With their innovative chameleon cards, Gilbert Kruidenier and Peter Phan classify the different types of Change Managers. Focus on what you do well and enthusiastically own that space. If you lack confidence, fake it til you believe it (Watch the fabulous Amy Cuddy to be inspired to do this). Your approach may not be the right fit for some organisations or projects, and that's cool. Aligning your best fit benefits you and the organisation. Believe it, someone declined to interview me for a Change role this week.

Different is good. Find your 'difference' and celebrate it.

You must appreciate the existing landscape before you charge in with your new approach. That framework you don't think is fit for purposes is someone else's baby, and they might still work there. Tread lightly. Know the rules before you decide to break them.


How often have you come out of a meeting where your ideas were well received but failed to give yourself credit because you "just made it up, or winged it"?
You didn't make it up or wing it! You had an original idea and thought on your feet.

There is a fine line between an impostor and a thought leader.


Champion yourself in the same way you'd champion a good friend.

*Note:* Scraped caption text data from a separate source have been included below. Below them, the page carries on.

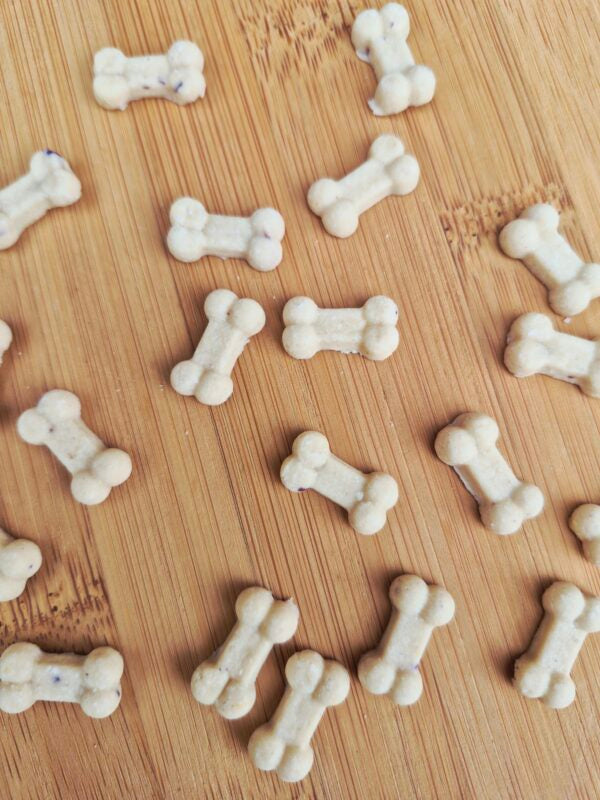 Teeny Tiny Bones🦴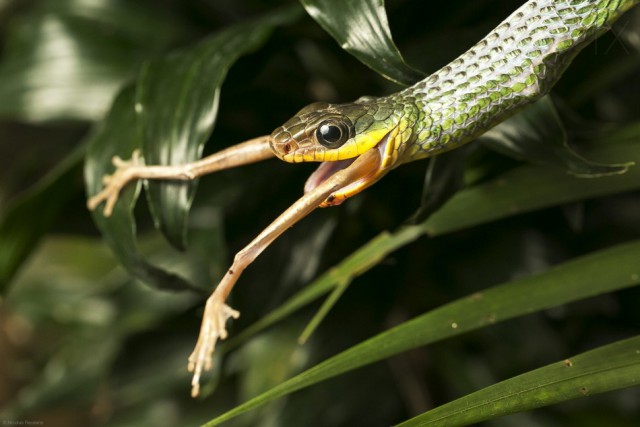 Больше, чем фото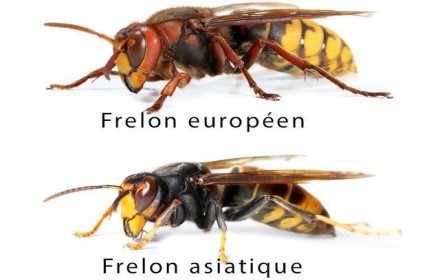 frelon.jpg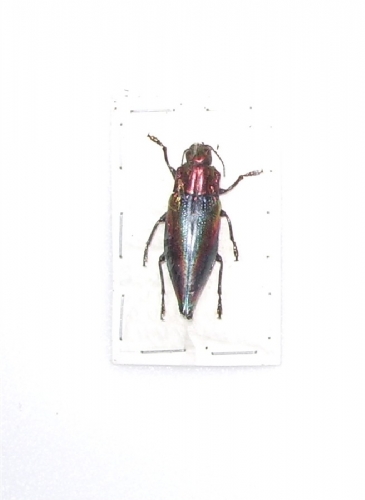 Cyphogastra javanica
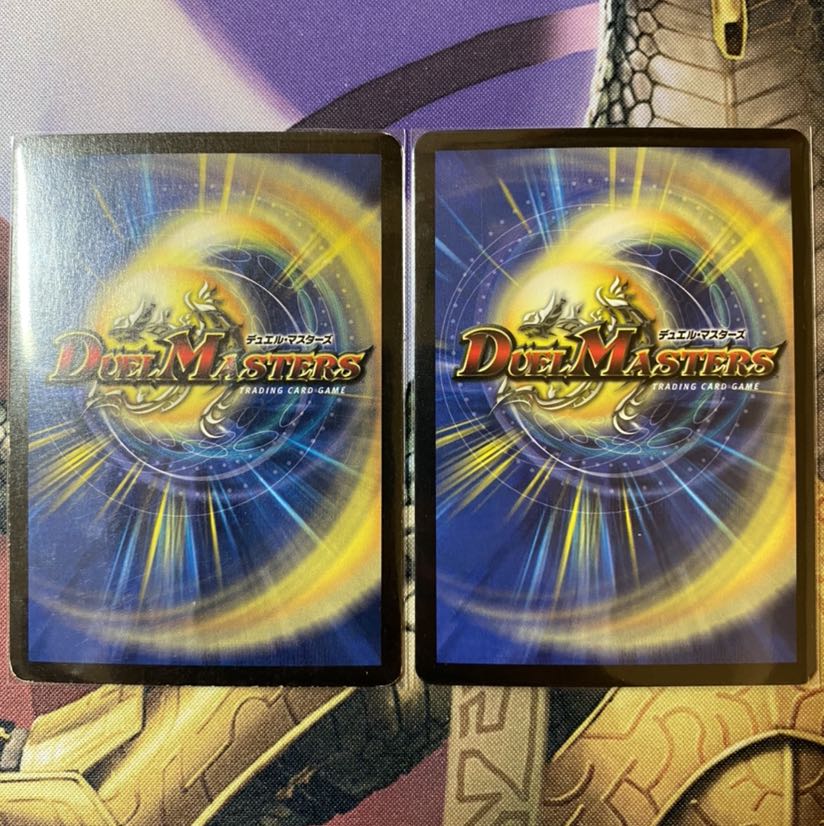 クリスタル・パラディン SR 初期　2枚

Surround yourself with people who tell you "you can". (There's a Change Superhero Facebook group of fabulous Change Managers). Own your idea.


Jeff Hiatt's entrepreneurial drive turned ADKAR into the common sense blueprint for modern change, but it doesn't mean your approach is less fabulous. Own it! Post it on LinkedIn!


One last thing! Advice from Mr Superhero, who often tells me to put the unicorn back in the stable for a bit. Meet the business requirements first. Before promoting your vision for the future, do what you've been hired to do. If you are asked to create a standard operating procedure as a 20-page PDF, do it, or at least some of it, and do it brilliantly before you ignore the scope and develop a voice-activated iPhone app.


There is a fine line between an impostor and a thought leader. You choose.


Can you imagine how much poorer the change community would be if I'd listened to that little voice three years ago telling me nobody needs a PowerPoint template?